I discovered the work of Polish artist Jakub Rozalski completely by chance and fell in love right away. Don’t you think it’s absolutely amazing?
The World of Scythe is a beautiful 105-page art book showcasing the work of Jakub Rozalski for the board game Scythe, one of the most successful games ever funded on Kickstarter. The book was only made available to backers during the Kickstarter campaign, and is now only available on ArtStation Shop.
Jakub Rozalski also created the setting for for the RPG game Iron Harvest, set in a dieselpunk 1920s East Europe-like world.
1920+ is an alternate version of our own world created by Polish artist Jakub Różalski. In the early 20th century, tradition clashes with progress, and the world is still full of mysteries and secrets.

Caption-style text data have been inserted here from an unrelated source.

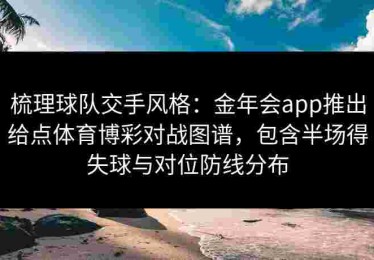 梳理球队交手风格：金年会app推出给点体育博彩对战图谱，包含半场得失球与对位防线分布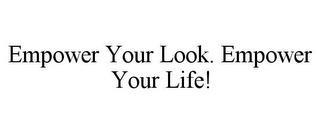 EMPOWER YOUR LOOK. EMPOWER YOUR LIFE! trademark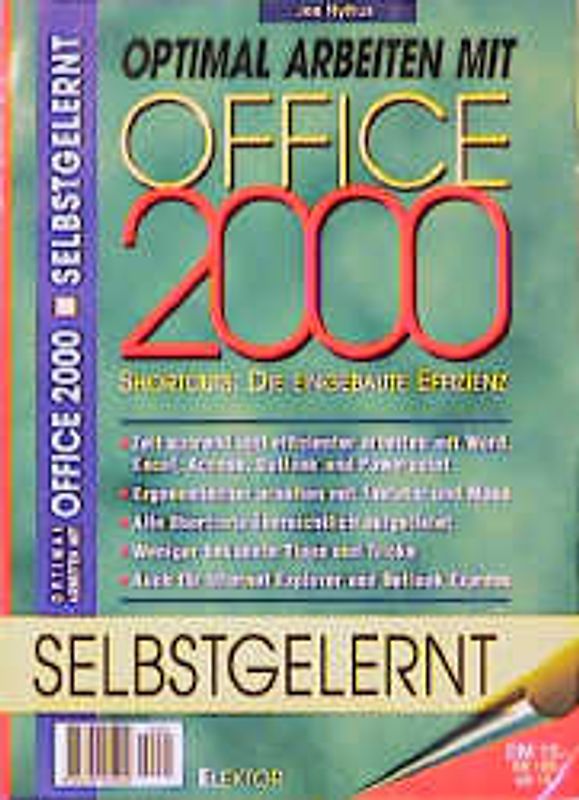 Optimal Arbeiten mit Office 2000 selbstgelernt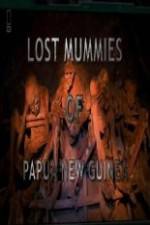 Watch National Geographic Lost Mummies Of Papua New Guinea Nowvideo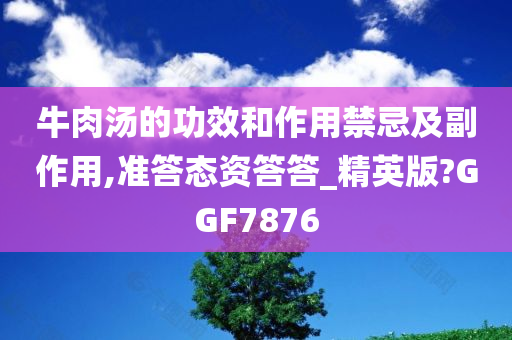 牛肉汤的功效和作用禁忌及副作用,准答态资答答_精英版?GGF7876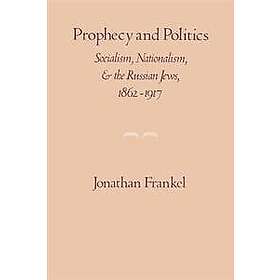 Jonathan Frankel: Prophecy and Politics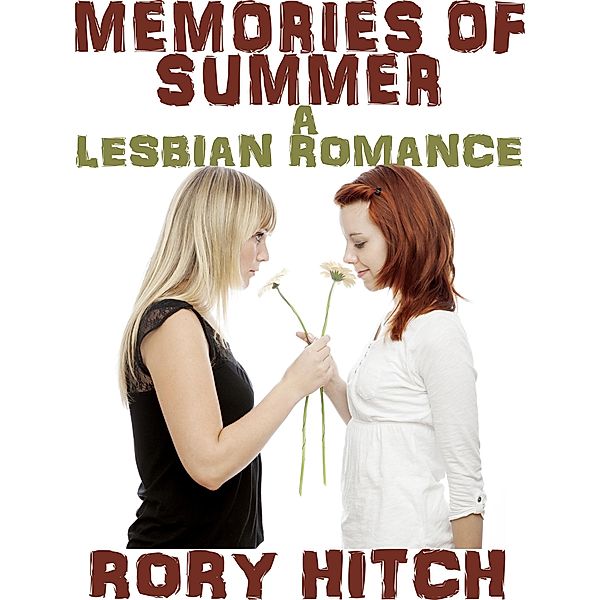 Memories of Summer - A Lesbian Romance, Rory Hitch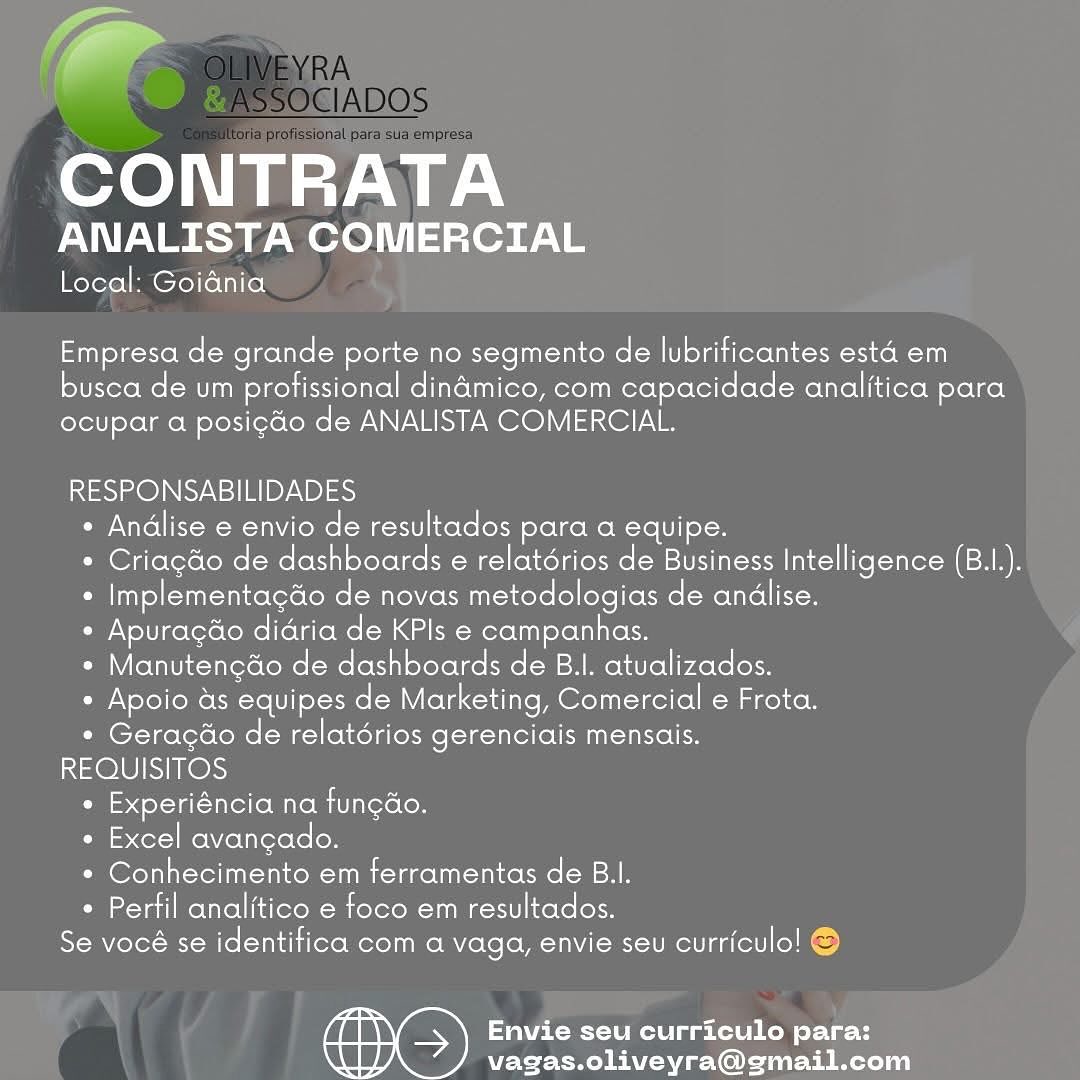 -
CONTRATA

I’m really enjoying Larry Amyett’s series about the keywords of Dieselpunk. This month, both his posts were concerned with the ‘era’ of Dieselpunk
The most accepted definition of the Diesel Era is that it lasted roughly from the 1920s to the 1950s, although some dieselpunks (like myself) include both World Wars and see the second half of the 1950s as already out of it.
As with most genres, there isn’t a very definite border, besides creatives of all inclinations will always try to blur those borders. As it should be.
“The Interbellum Period had clear starting and ending dates. It began on November 11, 1918, which the day the Armistice went in effect and hostilities stopped in World War One, and ended on September 1, 1939 when Germany invaded Poland.”
While both World Wars are very popular with dieselpunk authors, the Interbellum Period, particularly the last stretch nearest to WWII, is also very popular because it echoes of a defining characteristic of dieselpunk: the noir mood.
Many dieselpunk stories are drenched in noir mood and they envision a world that is very easily seen in the Golden Age of Hollywood film noir, the 1940s.
For a lucky coincidence, Tome Wilson also spoke about the Diesel Era on The Gatehouse website. This is a fascinating excursus on the historical period, with a particular enphasis on everything that Dieselpunk has gladly adopted as its own.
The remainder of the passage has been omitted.